Smoke rises gray and thick over the West Bottoms as I join the judges' registration line, which wraps around the red-white-and-blue draping that closes off the judges' area from the public. I meet Mike McQueen, 56, who ran an Iowa diesel-truck repair shop but is now eating his way through retirement. He and Mark Farr are swapping stories: Farr talks about the time he tasted nothing but lighter fluid in his box, and McQueen trumps him with the time a box of ribs contained nothing but hot dogs.

A little after 10 a.m., the line begins to move. It'll take the better part of 30 minutes for the 531 judges to be seated. Rows of folding tables are covered in red-and-white, gingham-­patterned plastic tablecloths and lined with rolls of paper towels, pencils, sleeves of saltines and bottles of palate-­cleansing water. Farr, McQueen and I are sharing a table with Gary, who judged the invitational yesterday; my fellow Thursday-class participant Bob; and Anissa, certified in March and judging for the eighth time this year.

Black cowboy hats and metallic badges with judges' names dot the room.

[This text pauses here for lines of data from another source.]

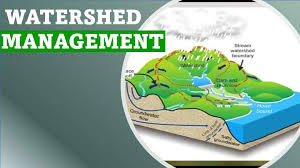 Soil Resources and Watershed Management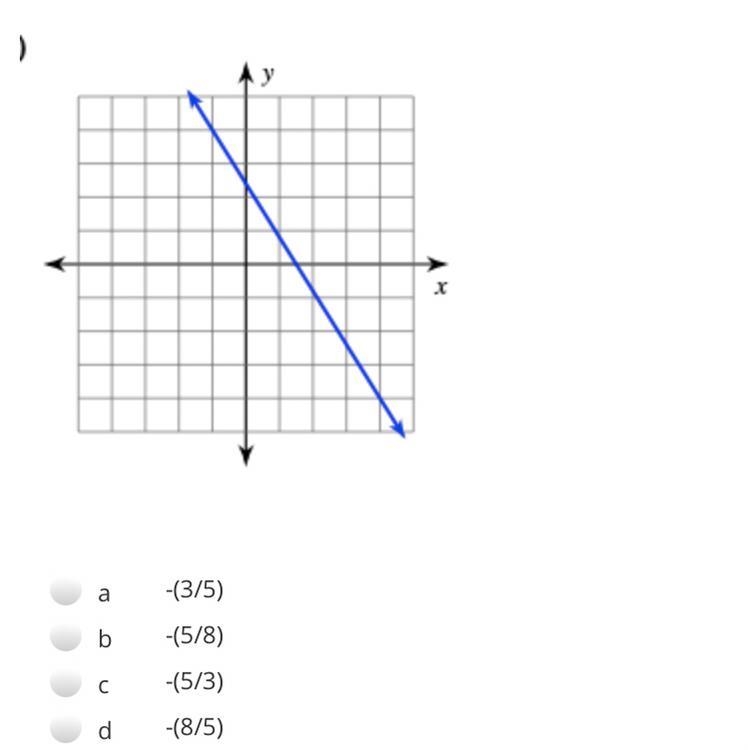 Find the slope of given equation-example-1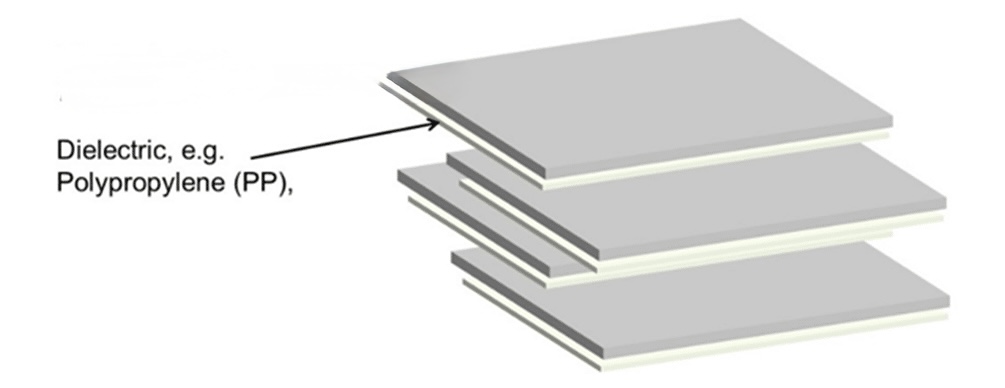 Figure 4. Dielectric Film Layers in Film Capacitors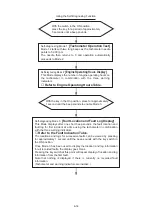 Preview for 161 page of TOHATSU TLDI 40 Service Manual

Our table captain, Tom (who is responsible for collecting the judges' slips, doling out the food, and ensuring that protocol is followed), passes out pins for participation. It feels, not uncomfortably, like the Boy Scouts.

"Welcome to the 33rd annual World Series of Barbecue," Lake says. My throat feels dry, and my head is vaguely pounding. Whether it's from nerves or the previous few days' barbecue intake doesn't particularly matter.

McQueen and Farr begin ripping off paper towels and folding them in half. I follow their lead, not exactly sure what we'll be doing with them. Farr hands me a wet towel (he has brought three), like a server at a Japanese restaurant. It will prove invaluable for cleaning my sauce-stained hands.

"Good morning, judges," Lake says. "Today is your lucky day — you get sausages."

A collective whoop greets this news. I grimace as I do the math. There are six entries in each category, and now there's a fifth category. Even with only a bite or two of each item, I stand to eat at least 30 ounces of meat today.

After KCBS founding member Ardie Davis leads the judges in an oath (legend says he originally penned it on a spare piece of butcher paper in the dining room of Arthur Bryant's on Brooklyn Avenue), Tom returns with a red tray loaded with six white takeout containers. He and the other table captains begin announcing the numbers written on the boxes, and for a moment, the room sounds like a bingo hall.

No talking is allowed among the judges once the boxes arrive. Tom opens the clamshell packaging and lets each judge score the chicken on appearance before the containers are passed around. When my plate is full, I begin to assess each breast and thigh for taste and texture.

Good entries, against the odds, still make you want to eat more. Bad entries make you question everything you've eaten so far. The side of my right palm is soon sticky with sauce, which I inadvertently wipe on my judge's slip, plate and jeans. After I turn in my first judging slip, Tom hands it back to me. I panic, but he only wants me to make a 6 a little clearer. Penmanship wins championships, people.